Accurate prediction of interfacial residues in two-domain proteins using evolutionary information: Implications for three-dimensional modeling


  • RMB generated and worked on Figures , Tables and all Supporting Information. AP helped generate Supporting Information Figures S1 and S2 and curate datasets. RMB and NS conceived and designed the study and also wrote the article.


With the preponderance of multidomain proteins in eukaryotic genomes, it is essential to recognize the constituent domains and their functions. Often function involves communications across the domain interfaces, and the knowledge of the interacting sites is essential to our understanding of the structure–function relationship. Using evolutionary information extracted from homologous domains in at least two diverse domain architectures (single and multidomain), we predict the interface residues corresponding to domains from the two-domain proteins. We also use information from the three-dimensional structures of individual domains of two-domain proteins to train naïve Bayes classifier model to predict the interfacial residues. Our predictions are highly accurate (∼85%) and specific (∼95%) to the domain–domain interfaces. This method is specific to multidomain proteins which contain domains in at least more than one protein architectural context.
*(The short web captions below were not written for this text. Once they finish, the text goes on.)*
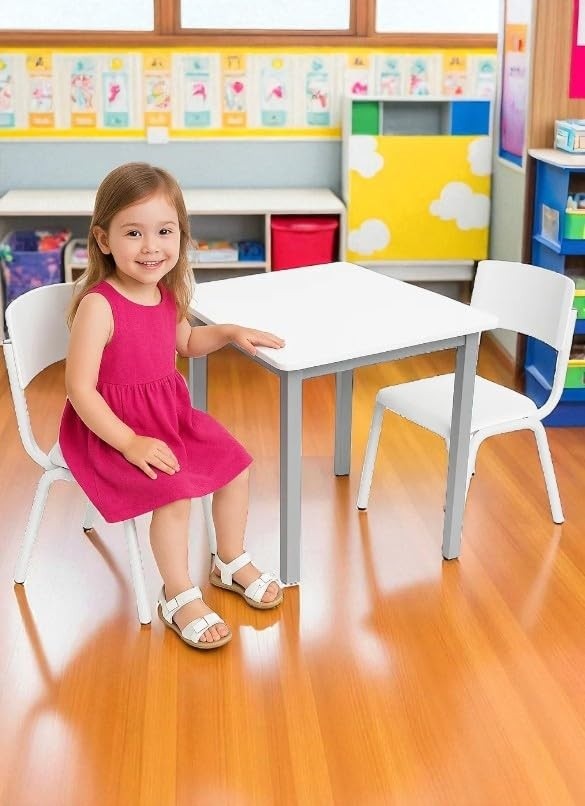 Conjunto Mesa e 2 Cadeiras Infantil Branco - Ideal para Estudos e Brinquedoteca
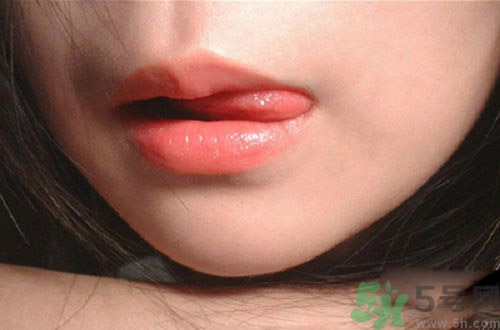 夏季嘴唇干燥怎么辦？夏季嘴唇解決方法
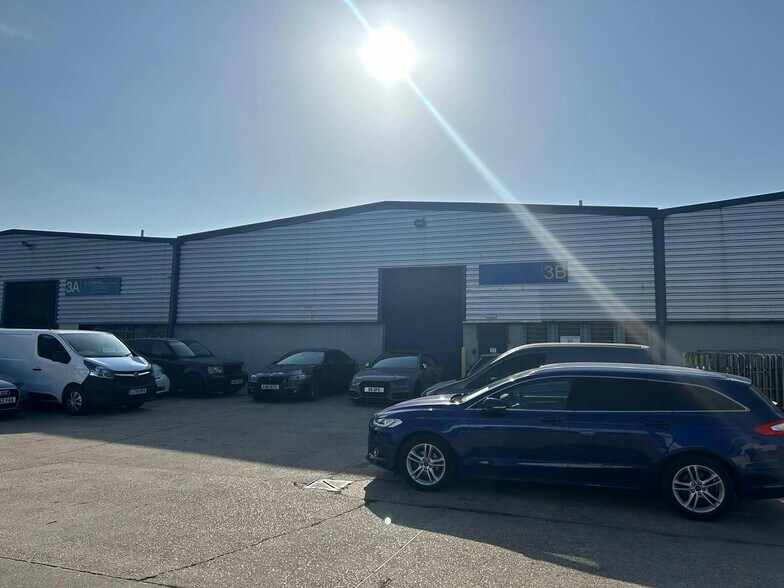 Henley Rd, Londres à louer - Photo du bâtiment - Image 2 de 4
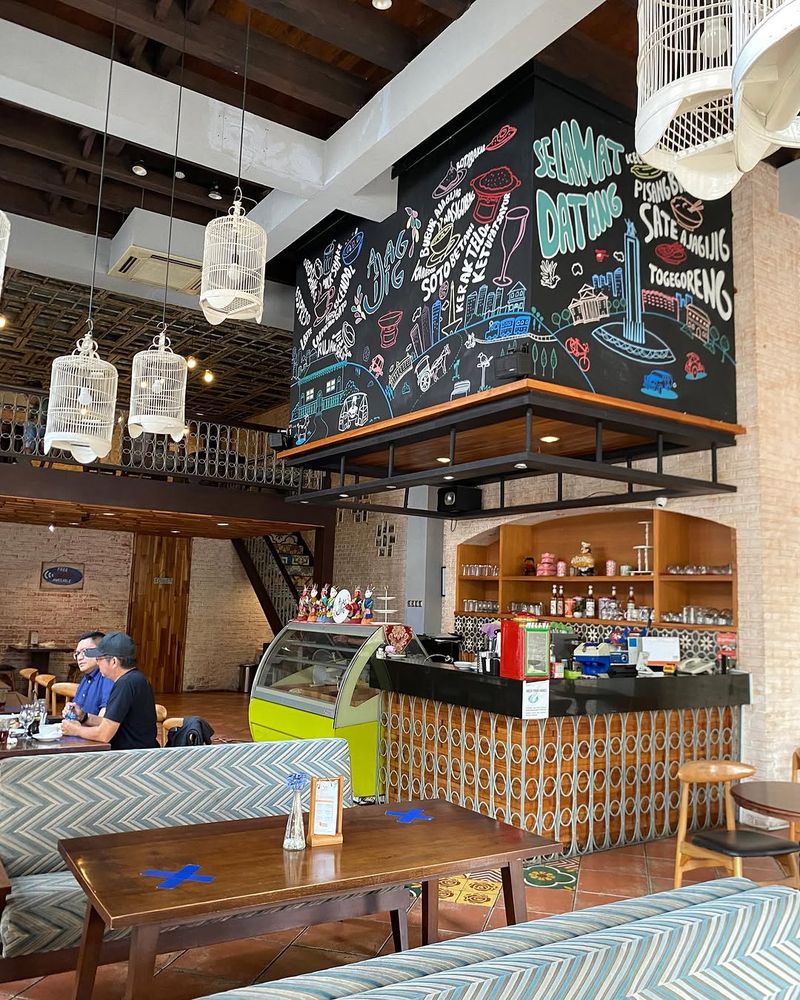 Tempat kuliner dekat Monas.
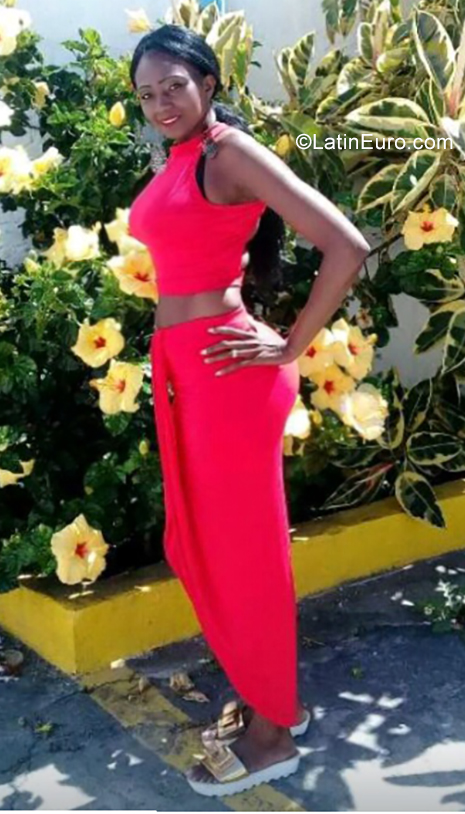 Date this georgeous Colombia girl Nohemi from Cali CO26118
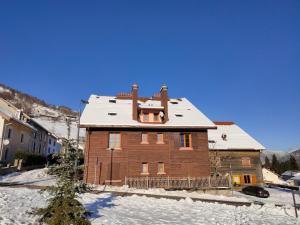 Appartement rénové vue montagne à Bussang centre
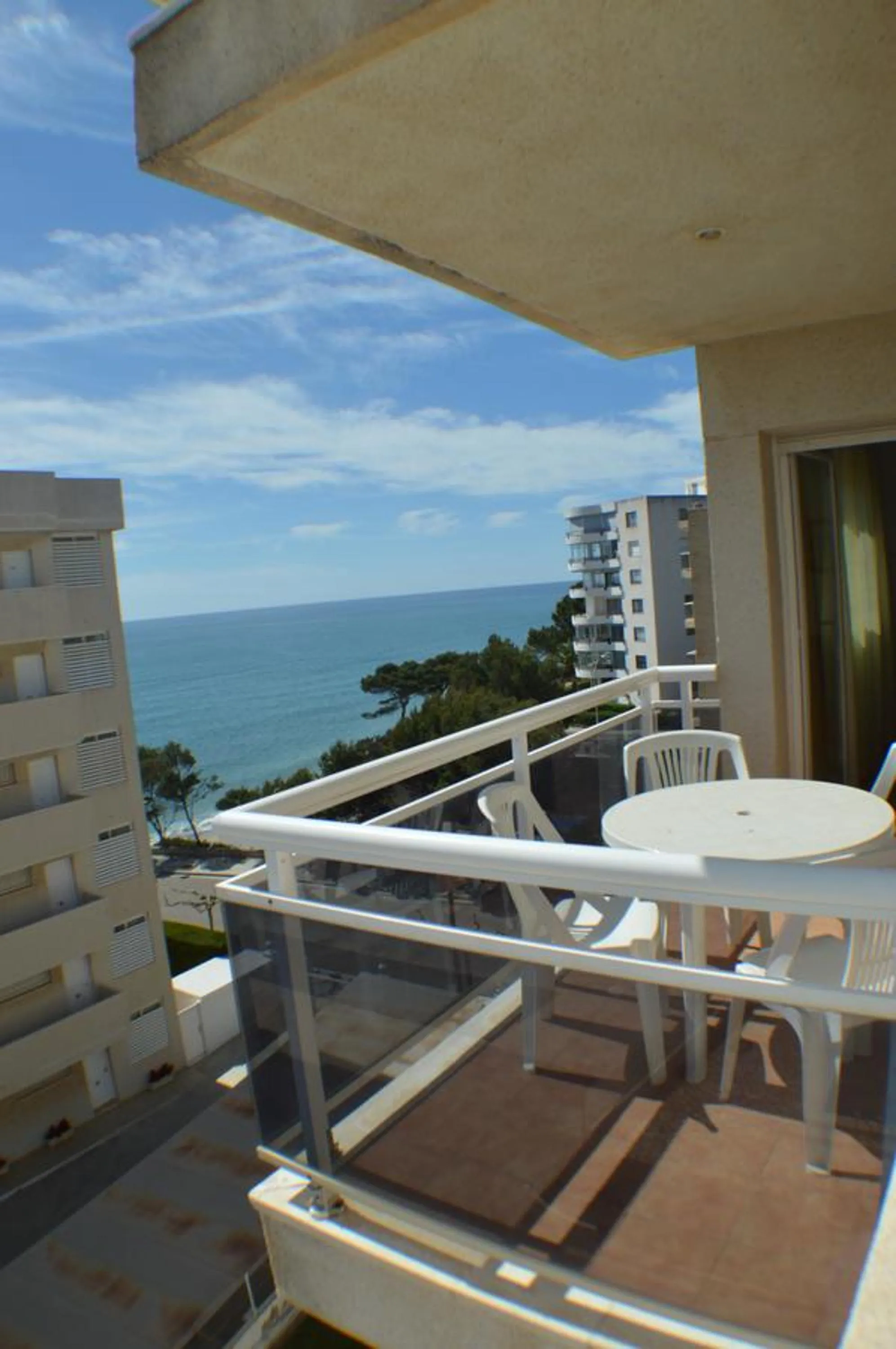 Day in JOYAPARTMENTS Calas II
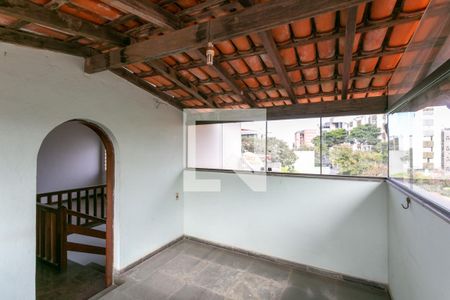 Casa para alugar com 440m², 4 quartos e 4 vagasVaranda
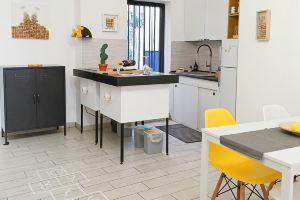 Aurelio's Artpartment - "Unconventional House", Сиракуза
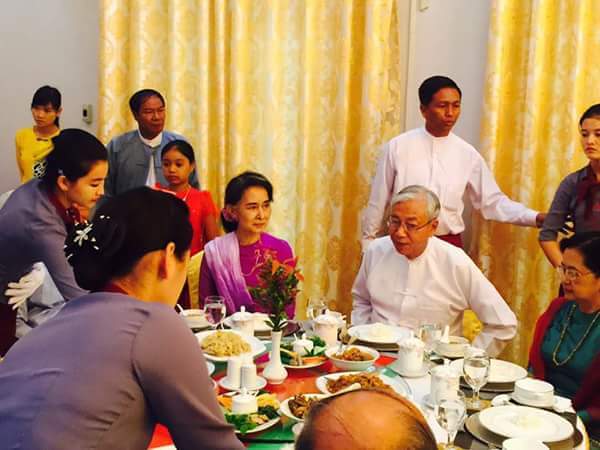 တုိင္းရင္းသားေရးရာ၀န္ႀကီး အိမ္တက္မဂၤလာ ႏုိင္ငံ့အႀကီးကဲမ်ား တက္ေရာက္ (ဓာတ္ပုံ)
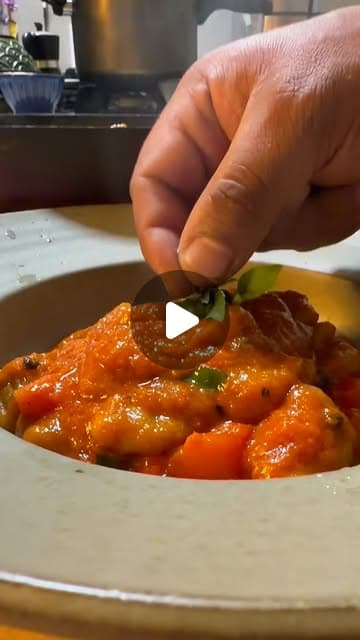 Gnocchi de Pinhão ao Molho de Passata de Tomate Caseira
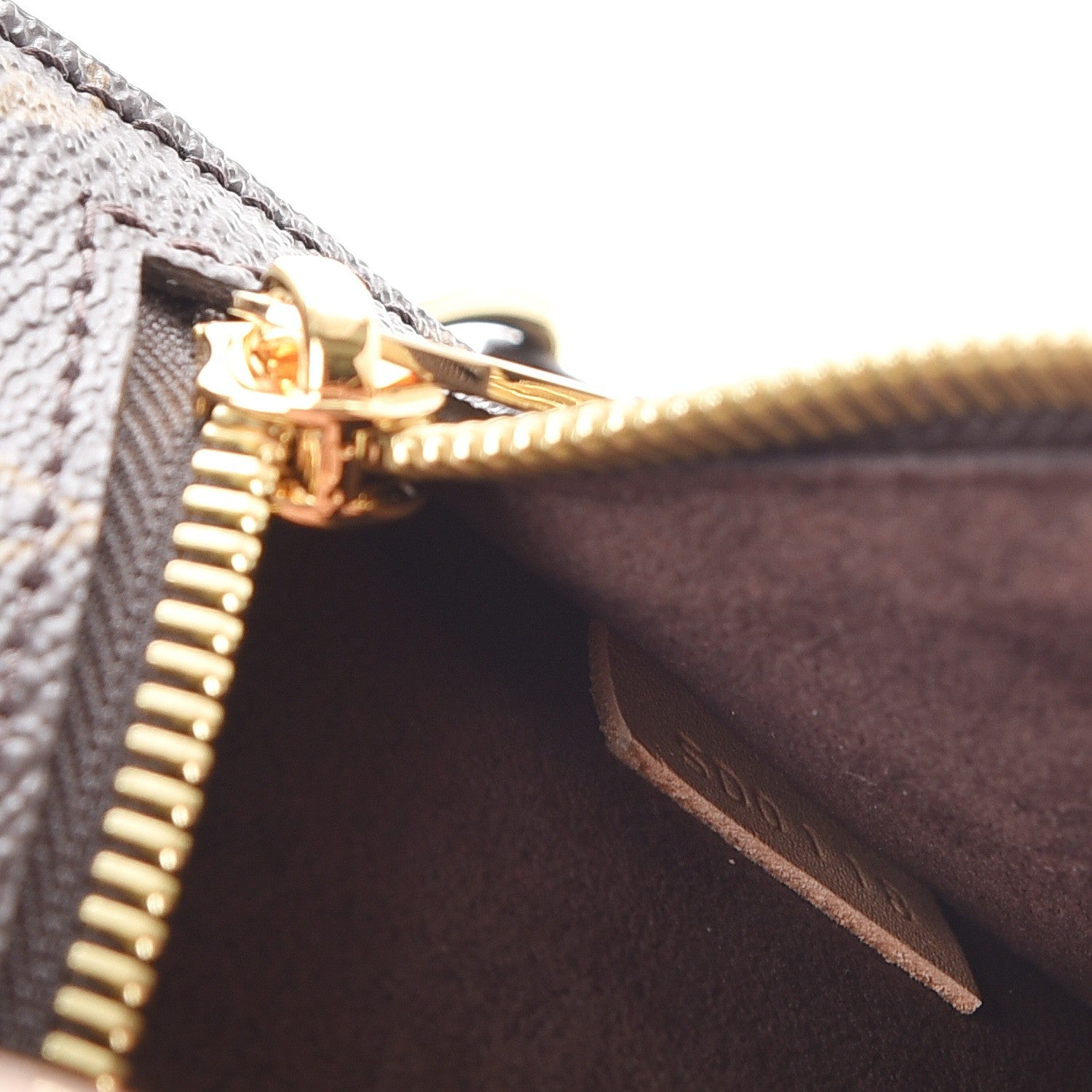 Louis Vuitton Monogram Pochette Metis 8 of 8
Using predicted residues to constrain domain–domain interaction, rigid-body docking was able to provide us with accurate full-length protein structures with correct orientation of domains. We believe that these results can be of considerable interest toward rational protein and interaction design, apart from providing us with valuable information on the nature of interactions. Proteins 2014; 82:1219–1234. © 2013 Wiley Periodicals, Inc.